How are filaments made
3D printer filament - everything you need (and want) to know
Manufacturers of 3D printers sometimes offer their own 3D printer filament and recommend using only this one. However, numerous other types of plastic wire can now be found on the market. Some materials have very special properties (electrical conductivity, transparency or fluorescence). Some colors are only available from a few 3D printer filaments. You quickly lose track of what is on offer.
That's why you will find an overview of all manufacturers of 3D printer filament worldwide and can compare the individual filament materials directly with one another - filament comparison. You will receive tips for the correct handling of the filaments and find suggestions on what you can do with them (application examples).
Which plastic can be printed?
So-called thermoplastic is used as the plastic for 3D filament. In contrast to other types of plastic, thermoplastics change into a plastic to liquid state when exposed to temperature. This property is used in the 3D printing process Fused Deposition Modeling (FDM - in German: melt layer process - is also called FFF Fused Filament Fabrication).
Plastic in the form of filament is fed to an extruder in the 3D printer, heated to melting temperature and pressed through a nozzle in a liquid or viscous state. This is how a component is built up layer by layer.

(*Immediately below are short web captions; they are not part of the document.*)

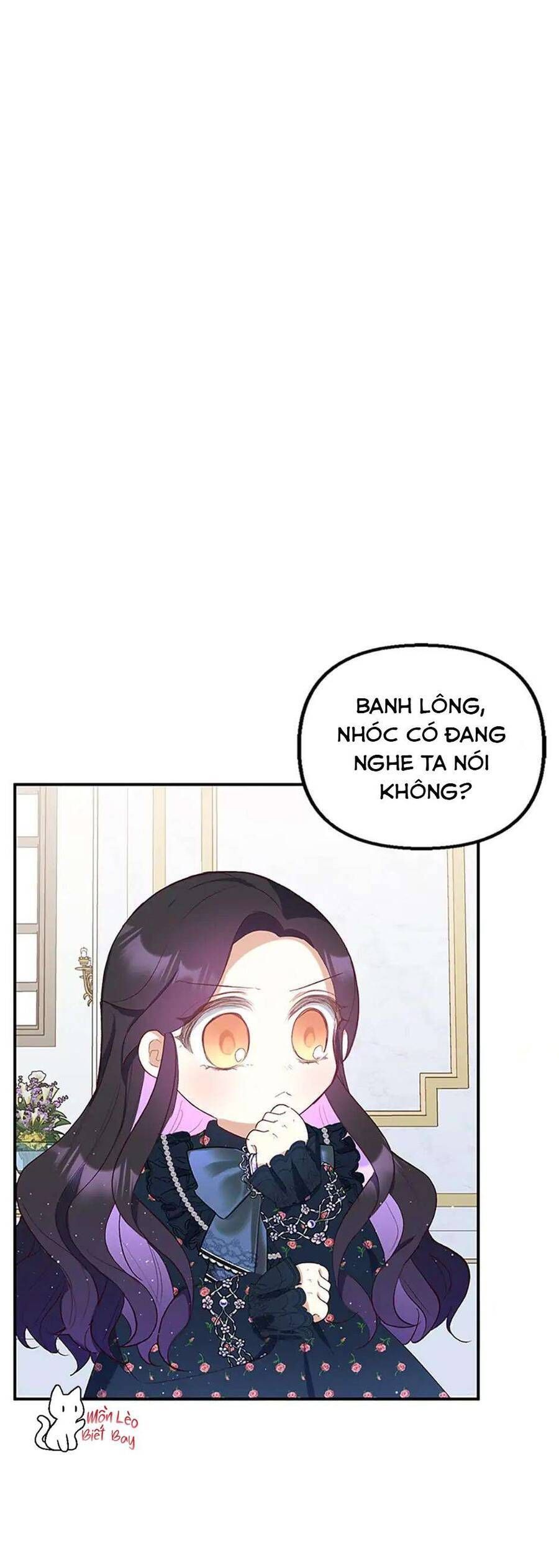 Con Gái Cưng Của Quỷ [Chap 1-110]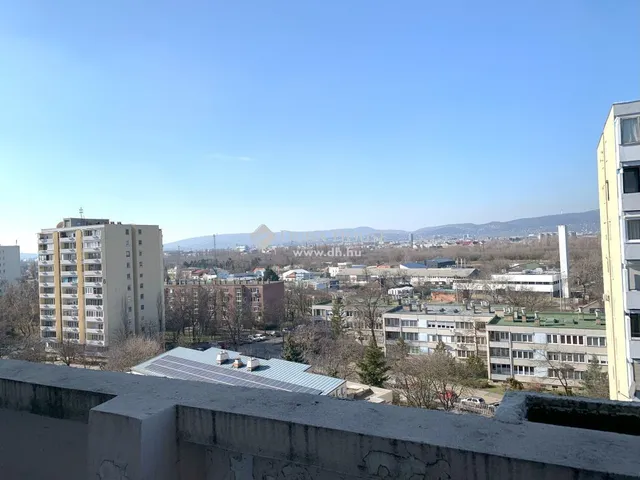 Eladó lakás Budapest XIV. kerület, Alsórákos 49 nm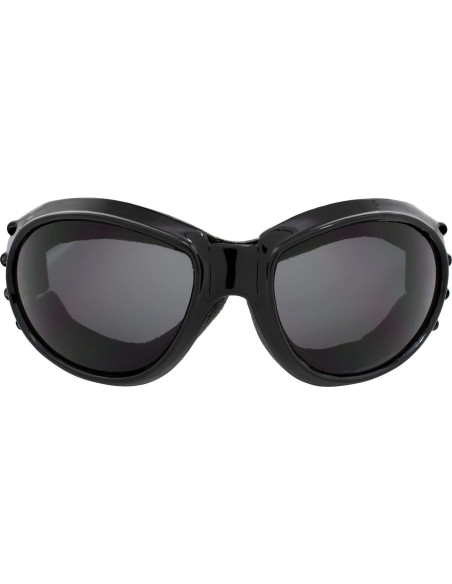 Gafas de Motociclismo Birdz Eyewear Bald Eagles - 2 Pares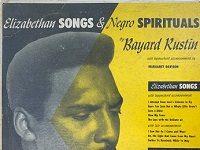 Bayard Rustin Wasn’t Just A Civil Rights Hero, He Was An Early Music Geek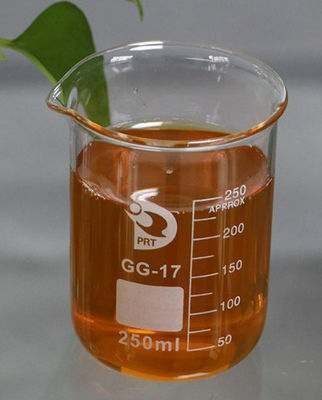 Chlorure en aluminium liquide PAC de basicité élevée poly pour des eaux usées de centrale thermique
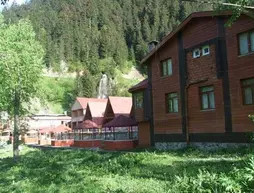 Aygun Motel | Trabzon - Çaykara - Uzungöl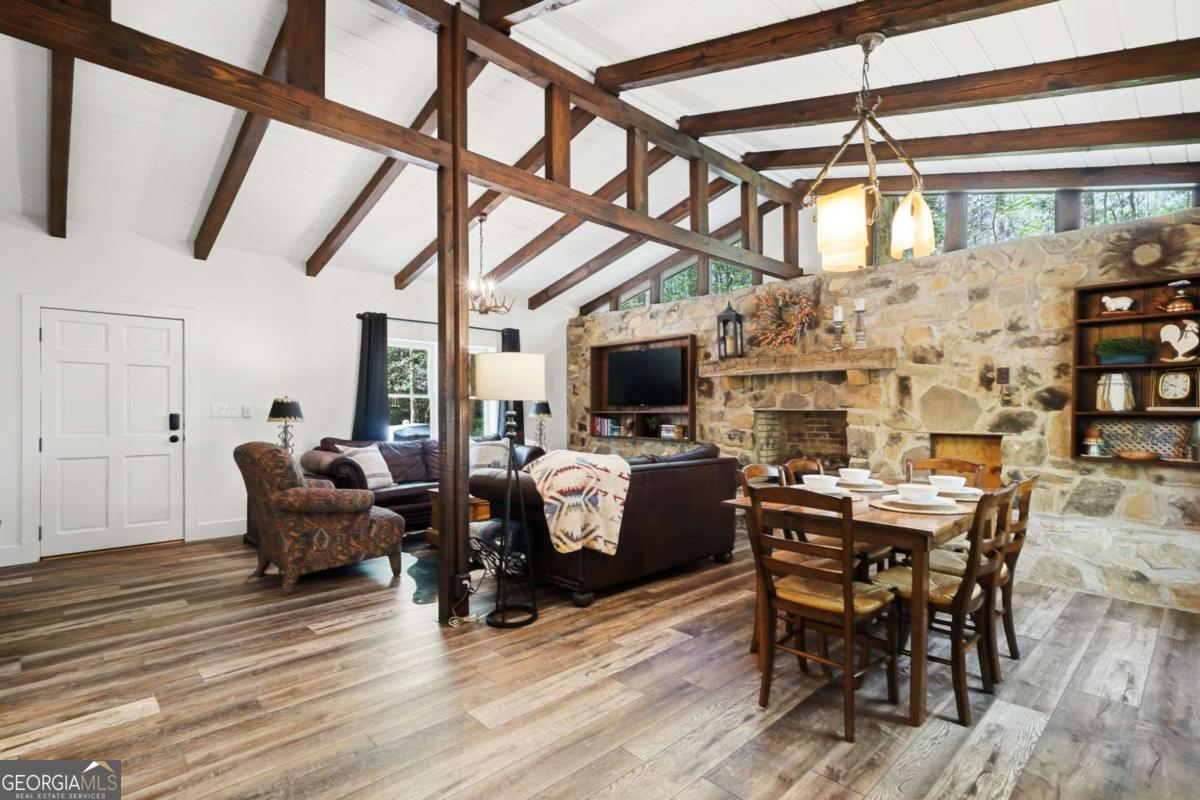 10758 Chatsworth Highway Ellijay GA 30540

The most common and easiest material to process for beginners in 3D printing is PLA (polylactide or polylactic acid). It is environmentally friendly and compostable. In industry, however, ABS (acrylonitrile-butadiene-styrene) is mainly used. You can also find out which plastics are otherwise processed here.
How is 3D printer filament made?
3D printer filament is produced by extrusion. A thermoplastic material (partially also thermoplastic elastomers TPE) in the form of granules is used as the starting material. This is pressed out of a nozzle by an extruder with pressure and a correspondingly high temperature. The shape and cross-section of the nozzle determine the geometry and diameter of the end product.
The picture shows the scheme of an extruder screw with funnel, screw and nozzle.
The common 3D printers process two different diameters with 1.75 mm and 3 mm (or 2.85 mm). Because of this, filament is also offered in these sizes.
When extruding, the process must be constantly monitored and an optimal quality must be ensured. A filament that fluctuates in diameter, is deformed or dirty will produce poor printing results.
After filament is made, it is either called loose bundles or on Do the washing up delivered. The coils are not standardized and each manufacturer supplies different ones. For example, there are spools made of plastic, cardboard or simple three-spoke spools.
When winding, it is important to ensure that the filament is not wound too tightly (minimum bending radius). Otherwise the thread could break. Therefore, the processing of loose material should be done directly and with as few diversions as possible to the extruder.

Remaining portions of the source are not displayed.